The Guelph Treasure art dispute between a German museum and the heirs of Jewish art dealers has been dismissed by a U.S. court for a second time, over jurisdictional issues.
The Welfenschatz, or Guelph Treasure, is a 200 million euro hoard of silver and gold church relics, mostly from the Brunswick Cathedral in Braunschweig, Germany. In 1929, the 82-piece collection was sold by the former Duke of Brunswick to a consortium of Jewish art dealers. In 1935, they sold most of the set to none other than Hermann Göring, one of the leaders of the Nazi Party. After he allegedly gifted the articles to Adolf Hitler personally, the collection was set on display at the Bode Museum in Berlin. It is still there today.

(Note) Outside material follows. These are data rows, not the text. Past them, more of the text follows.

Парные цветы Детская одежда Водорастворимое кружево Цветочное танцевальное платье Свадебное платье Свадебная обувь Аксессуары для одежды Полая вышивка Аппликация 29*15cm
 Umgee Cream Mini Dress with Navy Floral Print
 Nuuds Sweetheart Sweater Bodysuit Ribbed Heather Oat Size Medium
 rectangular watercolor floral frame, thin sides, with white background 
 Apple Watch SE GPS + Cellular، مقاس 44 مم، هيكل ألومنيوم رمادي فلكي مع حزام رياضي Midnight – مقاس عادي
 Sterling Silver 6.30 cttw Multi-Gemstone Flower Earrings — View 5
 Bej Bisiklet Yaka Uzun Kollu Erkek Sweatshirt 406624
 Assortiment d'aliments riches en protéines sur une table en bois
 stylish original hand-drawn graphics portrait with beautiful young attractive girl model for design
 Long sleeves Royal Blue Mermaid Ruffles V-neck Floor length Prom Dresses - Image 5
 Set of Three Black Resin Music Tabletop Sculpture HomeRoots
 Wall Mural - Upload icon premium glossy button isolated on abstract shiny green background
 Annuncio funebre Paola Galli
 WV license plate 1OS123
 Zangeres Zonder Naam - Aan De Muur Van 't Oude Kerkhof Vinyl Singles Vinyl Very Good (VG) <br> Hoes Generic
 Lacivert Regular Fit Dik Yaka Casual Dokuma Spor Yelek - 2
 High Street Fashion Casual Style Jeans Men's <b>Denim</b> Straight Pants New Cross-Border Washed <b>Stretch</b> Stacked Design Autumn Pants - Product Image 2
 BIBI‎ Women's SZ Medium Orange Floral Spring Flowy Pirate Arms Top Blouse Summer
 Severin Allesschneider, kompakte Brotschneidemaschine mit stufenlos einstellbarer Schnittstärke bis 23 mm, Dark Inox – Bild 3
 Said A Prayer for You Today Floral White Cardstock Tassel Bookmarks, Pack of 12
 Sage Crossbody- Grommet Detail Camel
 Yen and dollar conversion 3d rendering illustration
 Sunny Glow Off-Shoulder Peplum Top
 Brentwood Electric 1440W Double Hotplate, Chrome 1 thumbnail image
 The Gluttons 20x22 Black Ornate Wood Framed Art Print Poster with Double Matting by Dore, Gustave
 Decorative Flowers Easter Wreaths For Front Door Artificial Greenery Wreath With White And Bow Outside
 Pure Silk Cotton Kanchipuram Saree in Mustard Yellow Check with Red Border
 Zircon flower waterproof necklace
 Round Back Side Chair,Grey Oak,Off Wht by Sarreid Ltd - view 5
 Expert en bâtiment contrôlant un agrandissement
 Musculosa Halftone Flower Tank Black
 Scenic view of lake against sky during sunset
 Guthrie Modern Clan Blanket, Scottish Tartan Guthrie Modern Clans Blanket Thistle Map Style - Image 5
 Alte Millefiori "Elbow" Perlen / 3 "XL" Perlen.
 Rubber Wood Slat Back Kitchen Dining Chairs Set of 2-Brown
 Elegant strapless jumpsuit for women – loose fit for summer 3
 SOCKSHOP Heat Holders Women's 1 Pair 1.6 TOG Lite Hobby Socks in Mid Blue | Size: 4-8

In 2008, the heirs of the Jewish art dealers Saemy Rosenberg, Isaak Rosenbaum, Julius Falk Goldschmidt and Zacharias Hackenbroch filed a case for restitution of the artworks to their family, alleging that the sale to Göring had been forced. In 2014, the Limbach Commision, an advisory body to the German government, decided that the case did not meet the criteria for restitution as a forced sale, based on historical evidence. The damning piece was that in 1935, the Guelph Treasure was not in any German-occupied country, and therefore was voluntarily brought into the country to be sold to Göring. They also determined that the dealers had been paid fair market rates for the treasure.
Still in 2015, the heirs tried again, this time suing Germany and the Bode Museum via the U.S. courts. In February 2021, the U.S. Supreme Court ruled unanimously that the U.S. had no jurisdiction, but sent it back to the lower courts in case any jurisdiction should appear.
On Tuesday, the U.S. District Court for the District of Columbia granted the Bode Museum’s motion to dismiss the lawsuit, again for jurisdiction.
“SPK is pleased with the district court’s ruling, which affirms SPK’s long-held assessment that this lawsuit seeking the restitution of the Guelph Treasure should not be heard in a U.S. court,” said Hermann Pazinger president of the museum foundation (SPK). For now the Guelph Treasure will remain in Berlin.